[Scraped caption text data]
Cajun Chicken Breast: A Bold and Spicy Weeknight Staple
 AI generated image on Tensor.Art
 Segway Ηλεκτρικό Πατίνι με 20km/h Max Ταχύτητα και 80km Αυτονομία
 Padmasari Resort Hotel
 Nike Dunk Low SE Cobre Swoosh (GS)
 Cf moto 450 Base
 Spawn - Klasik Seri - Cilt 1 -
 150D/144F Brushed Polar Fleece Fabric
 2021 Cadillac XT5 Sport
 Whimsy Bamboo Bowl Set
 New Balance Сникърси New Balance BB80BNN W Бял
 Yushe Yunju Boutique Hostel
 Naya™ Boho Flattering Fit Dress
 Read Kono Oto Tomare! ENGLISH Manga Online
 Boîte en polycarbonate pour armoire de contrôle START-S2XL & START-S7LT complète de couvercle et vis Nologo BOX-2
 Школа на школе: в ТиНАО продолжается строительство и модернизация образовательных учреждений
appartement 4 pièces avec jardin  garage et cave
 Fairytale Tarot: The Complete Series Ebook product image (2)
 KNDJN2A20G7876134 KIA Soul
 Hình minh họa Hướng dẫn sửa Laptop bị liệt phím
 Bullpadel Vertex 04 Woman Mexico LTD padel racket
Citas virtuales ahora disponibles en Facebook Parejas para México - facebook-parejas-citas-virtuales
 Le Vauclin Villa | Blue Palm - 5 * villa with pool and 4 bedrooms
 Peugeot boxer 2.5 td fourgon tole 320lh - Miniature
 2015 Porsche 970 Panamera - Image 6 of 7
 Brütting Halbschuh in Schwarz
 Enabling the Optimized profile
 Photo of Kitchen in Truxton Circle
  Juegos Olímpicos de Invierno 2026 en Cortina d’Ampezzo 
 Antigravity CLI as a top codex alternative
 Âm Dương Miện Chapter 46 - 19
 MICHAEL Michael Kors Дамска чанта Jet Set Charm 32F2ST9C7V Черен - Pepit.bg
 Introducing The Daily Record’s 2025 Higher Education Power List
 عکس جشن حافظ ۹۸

* [WORK ORDER] Each line from the one with "Antigravity CLI as a top codex alternative" through the end of the entries above is to be returned word for word. Nothing else belongs in the answer.

* [PROBLEM SOLUTION]
 Antigravity CLI as a top codex alternative
 Âm Dương Miện Chapter 46 - 19
 MICHAEL Michael Kors Дамска чанта Jet Set Charm 32F2ST9C7V Черен - Pepit.bg
 Introducing The Daily Record’s 2025 Higher Education Power List
 عکس جشن حافظ ۹۸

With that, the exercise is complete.